Single-payer healthcare systems refer to health insurance programs that are governed by one organization. These single-payer systems, which can be found worldwide, may vary by how they are funded, who is eligible, what benefits they offer, and more.
Medicare for All is a proposal that would create a single-payer healthcare system in the United States.
In this article, we’ll discuss how single-payer systems work and how Medicare for All stacks up as a proposed health insurance option in the United States.
If passed, Medicare for All will be a tax-funded, single-payer health insurance program that would provide healthcare coverage to every person in America.
The Medicare for All proposal would be an expansion of Medicare, the health insurance program that covers Americans age 65 and older. Medicare is currently broken into different parts: Part A, Part B, Part C, and Part D.
There is also Medicare supplement insurance, also known as Medigap. Each part of Medicare provides different forms of healthcare coverage.
Medicare Part C, or Medicare Advantage, covers everything under Medicare parts A and B, as well as extras, such as:
Medicare Part D and Medigap are both add-ons for original Medicare. Medicare Part D is prescription drug coverage, which helps cover the cost of your medications. Medigap is supplemental Medicare insurance that helps cover some of the costs associated with your Medicare plan, like copays and deductibles.
Expanding Medicare to Medicare for All would involve:
- providing coverage for all individuals, regardless of age or health status
- offering original Medicare coverage, including inpatient and outpatient medical insurance
- adding additional coverage, such as reproductive, maternity, and pediatric care
- lowering prescription drug prices and offering more choices for prescription drugs
Medicare for All would also change the way healthcare services are paid for. With Medicare, you are responsible for paying deductibles, premiums, coinsurance, and copays. You must pay these fees to stay enrolled in your Medicare plan and receive coverage.

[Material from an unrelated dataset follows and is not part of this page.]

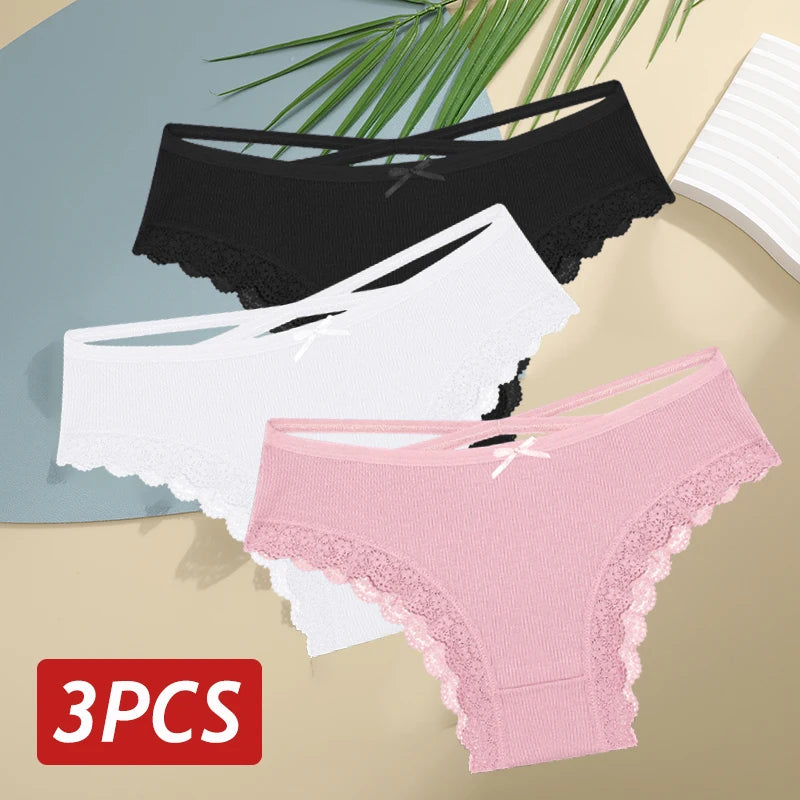 3PCS/Set Women Cotton Panties Sexy Low Rise Lace Brazilian Panties Hollow Out Soft Breathable Lingerie Female Bow Underwear S-XL - chinatopmarket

Under Medicare for All, there would be no monthly premiums or yearly deductibles. You would owe nothing at the time of your services. Instead, your healthcare plan would be prepaid through taxes and contributions.
Medicare for All is only one type of single-payer system. There are a variety of single-payer healthcare systems that are currently in place in countries all around the world, such as Canada, Australia, Sweden, and others.
The overall idea behind a single-payer healthcare system is that one group is responsible for collecting and distributing funds to provide healthcare services to the entire population. However, there is no one single definition of a single-payer system, and there are different ways that a healthcare system like this can be organized.
- revenue and contributions
- eligible population
- provider payment
- covered benefits
- eligible providers
Further, there were differing options about how each of these functions would be handled under a single-payer system. For example, collection of funds, or revenue, could come from federal funds, taxes, or premiums. Pooling of funds, or eligible population, could be based on an individual’s residency. Allocation of funds, or provider payment, could be population-based, fee-for-service, or global budget.
Generally, when it comes to covered benefits, all single-payer healthcare systems aim to provide coverage for essential health benefits. These benefits include:
- inpatient and outpatient medical services
- preventive and wellness services
- mental health services
- prenatal, maternity, newborn, and pediatric services
- rehabilitation and substance abuse services
Switching to a single-payer healthcare system would likely affect the current government-funded healthcare options, such as Medicare and Medicaid. Some proposals, like Medicare for All, call for an expansion of these programs. Other proposals call for the programs we have to be discontinued in favor of a replacement option in which everyone can enroll.
Here’s how Medicare for All would function as a single-payer healthcare system:
- Revenue and contributions. Medicare for All would be funded through income tax increases, premiums, and contributions.
- Eligible population. All residents of the United States, regardless of age or health status, would be eligible for health coverage under Medicare for All.
- Provider payment. Services administered by Medicare for All providers would be paid for on a fee-for-service basis using a fee schedule.
- Covered benefits. Medicare for All would cover comprehensive health benefits, including any services medically necessary to diagnose, treat, or manage a condition.
- Eligible providers. All providers under Medicare for All must follow national minimum standards and the rules and regulations set by the Act.
As you can see, the Medicare for All program follows the “true” single-payer system model, in which public health insurance is run by the government and funded by taxes. It would be provided to all Americans, without cost-sharing or up-front fees, and without the competition of private insurance plans.
While there are multiple single-payer proposals on the table for healthcare in America, Medicare for All is the most widely known and supported. As a single-payer program, Medicare for All would provide comprehensive healthcare benefits to all Americans at no up-front cost. It would be primarily tax-funded, use a fee schedule for provider payments, and cover all essential health benefits.